High Turnover and Management Issues
Unfortunately, most of the great people I met were either pushed out by management or fired for not meeting their sales goal. Client Advisors work the hardest in the store and face the highest level of pressure and stress than any other employee in the building — period.
Inappropriate Behavior
Team Managers would openly party, drink, do drugs, and sleep with associates frequently after work and at holiday parties.
Political and Unfair Culture
The Client Development team is a political bloodbath. They will work you and your clients to the bone, only to reassign them to Private Ambassadors and Private Client Advisors without hesitation. Promotions are based on POLITICS and not MERIT. Team leads act like managers with no real leadership qualities and play blatant favorites.

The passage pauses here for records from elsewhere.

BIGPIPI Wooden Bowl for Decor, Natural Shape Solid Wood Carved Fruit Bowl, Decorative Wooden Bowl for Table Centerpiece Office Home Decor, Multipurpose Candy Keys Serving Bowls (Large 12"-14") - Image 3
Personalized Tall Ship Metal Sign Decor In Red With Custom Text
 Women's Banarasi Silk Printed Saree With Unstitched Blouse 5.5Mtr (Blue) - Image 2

Fraud and Lack of Accountability
Fraud is regularly overlooked as long as you’re generating high-end sales and hitting category targets. Advisors with zero integrity often create false appointments and deposits to inflate their metrics—and are rewarded for it.
Detached Leadership
The current store director is so hyper-focused on numbers that she can’t even hold a genuine conversation with you or your clients.
Broken Operations
You will be forced to follow clients throughout the store due to the lack of an equitable floor system. Three managers stand at the door “checking in” clients but won’t assist with returns or client issues. There’s no front-of-house operations team, so you’ll juggle returns, refills, repairs, and more—on top of a $200K–300K monthly sales goal, with zero support.
Visual Merchandising and Inventory Failures
The VM team provides no help. Product is scattered across three floors—often on random mannequins—which wastes time and causes lost sales. Inventory and operations are also useless, spending time on Instagram while sales staff struggles.
Decline of Store Performance
The company foolishly forced out a senior client development director with 20+ years of experience—the backbone of the store. Since then, top clients have left, events are low-budget, and management uses them to justify even higher sales goals.
Industry Reputation
Despite competing with Hermès and Chanel, Louis Vuitton offers employees Zara-level support. The store’s poor reputation is no secret on Rodeo Drive—everyone talks about it.